RADOGOST: Where archaeological documentation goes so it doesn’t disappear

What happens to documentation after the field season ends? RADOGOST helps store and share archaeological data so it can be found, understood, and reused.

Imagine a classic scenario: fieldwork, hundreds of photos, RTK GPS files, sketches, context descriptions, 3D models, artefact tables, analytical notes. Then “after the season”, when archaeologists return home and sit down at desks and in libraries, everything lands on a hard drive. The data gets sorted and usually ends up in folders named “NEW”, “FINAL”, “FINAL_2”… and starts living a life of its own. After a year, no one remembers which file is current. After five years, no one knows whose coordinates those were, what the methodology was, or whether it’s even allowed to show it to anyone.

Now consider another perspective: science based on verification, re-analysis, and data reuse. This is exactly where RADOGOST comes in.

Ilustracja wykonana w Midjourey, promt: obraz abstrakcyjny, wczesnośredniowieczny rycerz w centrum danych ed. J.M.Chyla
Ilustration made in Midjourney, promt: abstract painting of a early medieval warrior in data center
ed. J.M.Chyla

What is RADOGOST?

RADOGOST is an open repository for archaeological research data, created so that data from research can be stored safely, described sensibly, searched easily, and shared, including with people outside the research team. The repository is available at radogost.dariah.pl and is being developed by teams from the University of Warsaw and Maria Curie-Skłodowska University (UMCS), in collaboration with experts in digital infrastructure and tools.

In practice, RADOGOST is meant to be a place where “life after excavations” matters just as much as the field season itself.

Why does archaeology need a data repository?

In archaeology it’s easy to forget that the “real” excavation is not only soil. It is also thousands of small decisions and records: where exactly an artefact was found, in which layer, in what relation to other finds and features; what the profile looked like; what the coordinates were for the site, trench, or artefact locations. Excavation also means thousands of photos, drawings, 3D models, GIS layers, notes, and tables. All of this is part of the context and in archaeology context cannot be documented again. Once we disturb it (even in the best research-driven way), it cannot be “recreated” like a laboratory experiment.

Then the season ends and a second, less spectacular part of the work begins. Data travels to hard drives, cloud folders, private accounts, and directories with names that often serve a magical function: they promise a quick finish through sheer affirmation. And that is still the ideal case. Over the following months, many things can happen that strongly affect our digital data: someone changes a computer, someone leaves the team, links expire. With time, even the authors are no longer sure which version is the correct one, and an outsider has no chance of understanding what they are actually looking at. In the worst-case scenario, not only the site disappears, but its digital trace disappears too. From the perspective of science, that is a double loss.

To prevent these serious and common research problems, an archaeological data repository is needed. Not only as a “file warehouse”, but as a place where data receives description, becomes organised, and gains meaning: it turns into information. It becomes clear who created it, how, when, under what rules it can be used, and how it should be cited.

A repository also provides something an ordinary hard drive cannot: accessibility, durability, order, and the real possibility of returning to sources. This is not only about a backup. It is about data described in a way that someone outside the team can understand: what the columns in a table mean, how GIS layers were created, what photogrammetry settings were used, what is a working version and what is final. Thanks to this, research results can be verified, compared with other projects, and interpreted anew. Just as importantly, they can be included in broader comparisons: between regions, periods, and documentation methods. This is the moment when data stops being “our files” and starts functioning as part of a shared knowledge infrastructure, useful to other researchers, heritage protection institutions, educators, and many other users.

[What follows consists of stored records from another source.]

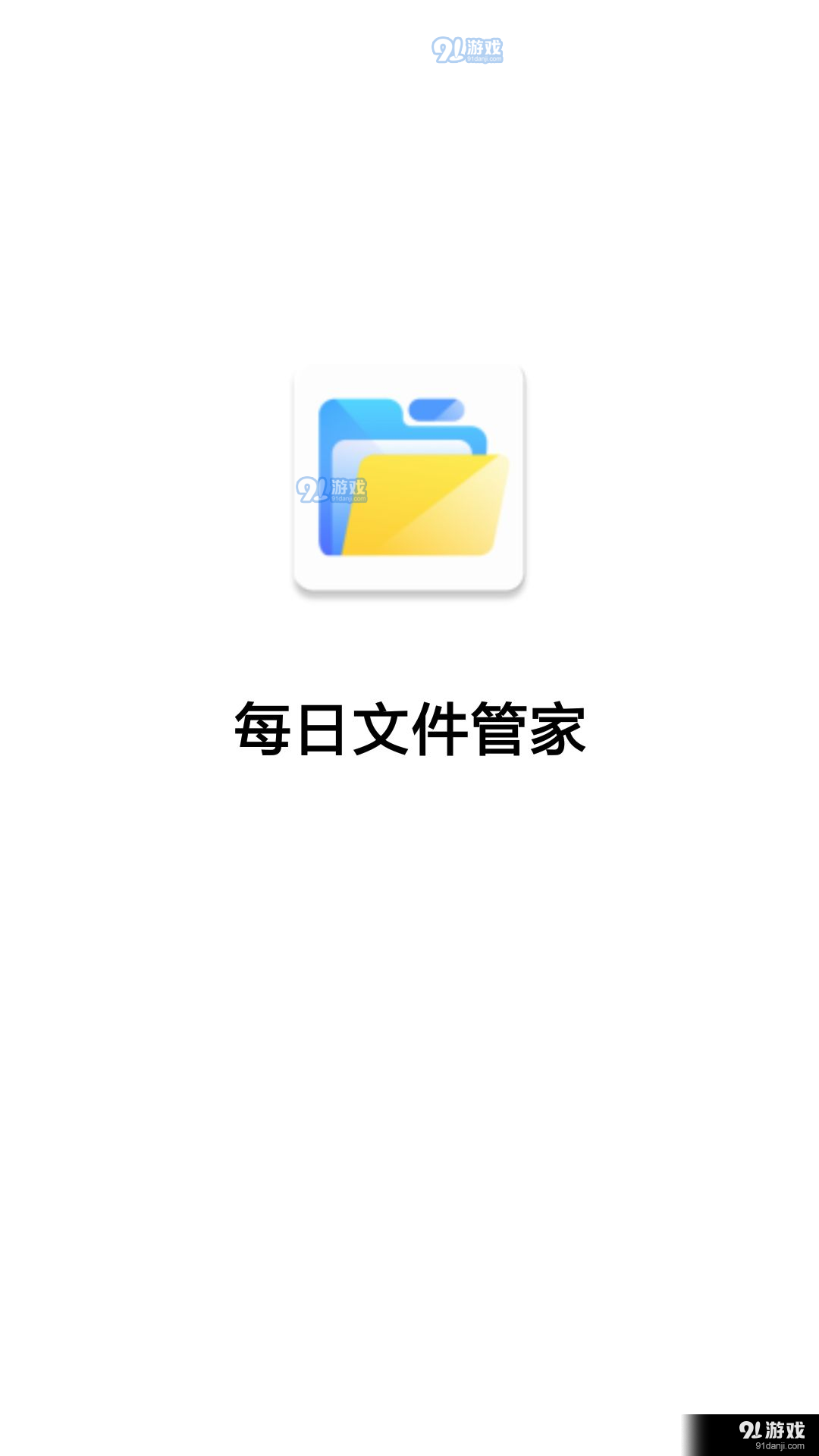 每日文件管家v3.5.13截图1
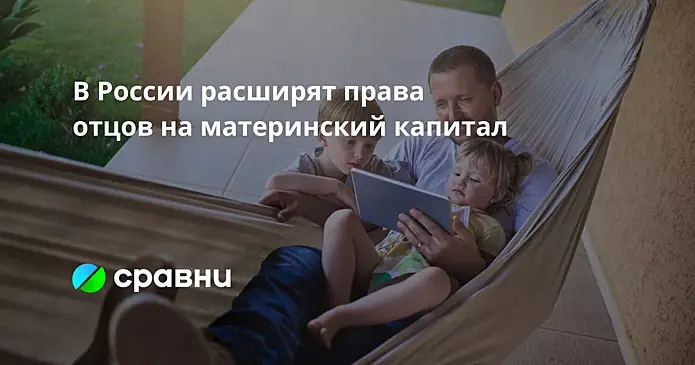 В кабмине поддержали законопроект, расширяющий права отцов на использование маткапитала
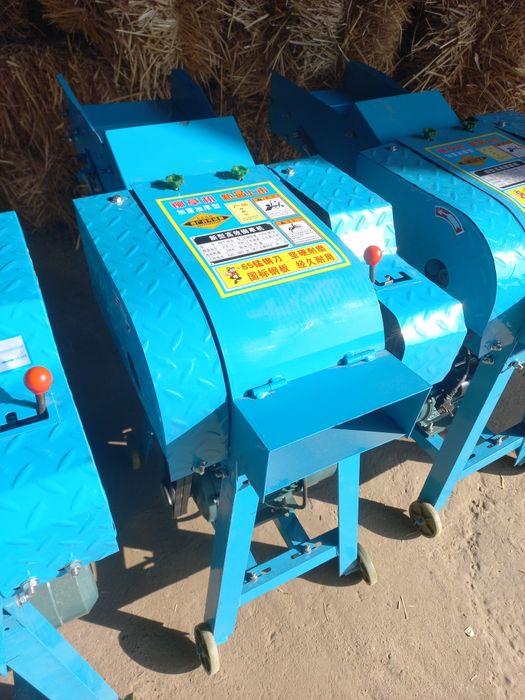 Драбилка жоду...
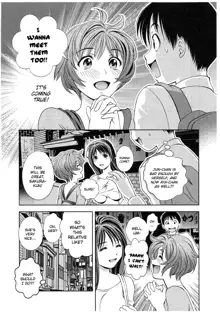 Glass no Megami 2, English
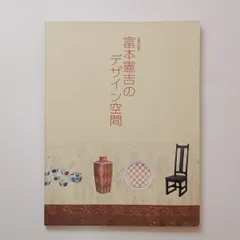 2026年最新】豊泉窯 原史朗の人気アイテム - メルカリ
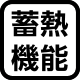 蓄積機能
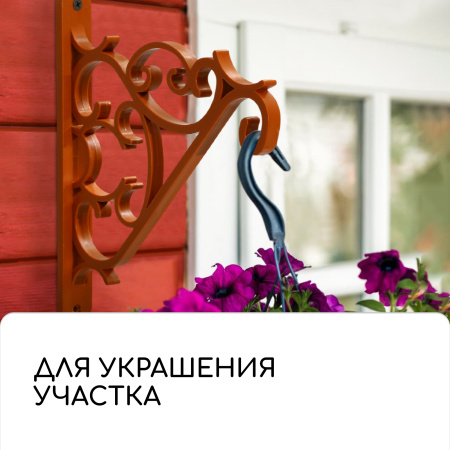 Кронштейн для подвесных кашпо, терракотовый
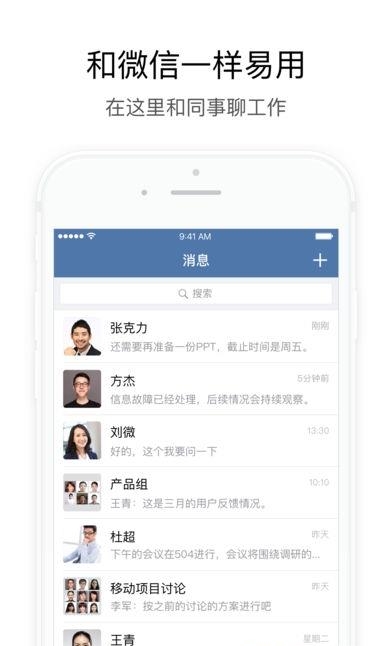 交建通  v2.5.50003图1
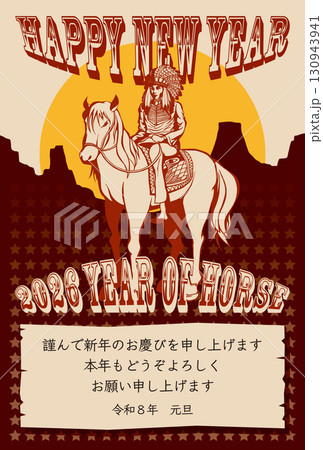 2026年賀状テンプレート「ネイティブアメリカン」ハッピーニューイヤー　添え書き付パターン 130943941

Polish researchers and open science

This changes the logic of collaboration. Instead of exchanging data via emails, external drives, and expiring links, a model emerges in which data can be published for reuse in a controlled way, with clear access rules, licences, attribution, and citability. This matters especially in archaeology, where fieldwork is limited, research is expensive, and contexts never repeat. If data is accessible and well described, we do not have to “start from zero” with every new project and every new research question. We can build on what already exists instead of wasting time guessing what was once recorded in a file without metadata.

This is open science in practice. Knowledge does not end with a publication. It is transparently grounded in data that others can find, understand, and reuse. In a world where analytical tools change quickly, this approach is especially important. Data collected today can gain “a second life” in a few years, when new methods, better algorithms, different questions, and new ways of connecting sources appear. A repository works like a bridge between the present and the future of research. It protects data from disappearing and also prepares it so that we can extract more from it than the authors originally expected at the moment of data collection.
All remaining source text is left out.